Speaking as someone who used to host an all-night radio show on the University of Toronto station, it is a rush when you discover one of those perfect matches, even if accidentally. I remember a show where, in the midst of counting down my favourite 100 songs, the lingering last note of Frank Sinatra’s “It Was a Very Good Year” gave way to Guns N’ Roses’ “Sweet Child O’ Mine,” then still new and climbing the charts. Their proximity wasn’t planned, but as one blended into the other, it immediately occurred to me that they were essentially the same song separated by 20 years. Thinking about that segue 15 years later, I now realize that their singers, in some rather unattractive ways, were also essentially the same person.

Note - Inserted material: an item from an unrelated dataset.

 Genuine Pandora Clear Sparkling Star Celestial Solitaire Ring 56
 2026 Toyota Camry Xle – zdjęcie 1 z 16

There’s an obvious parallel that can be drawn between rock critic-turned-musician and film critic-turned-filmmaker, again supported by a number of real-life examples who travelled in the same direction (most prominently from various French and British film journals of the late ’50s: Truffaut, Godard, Rohmer, Anderson, Reisz, etc). And again, an intermediate alternative presents itself, one that affords almost as much room for self-expression and mischief-making as filmmaking itself: programming a repertory cinema.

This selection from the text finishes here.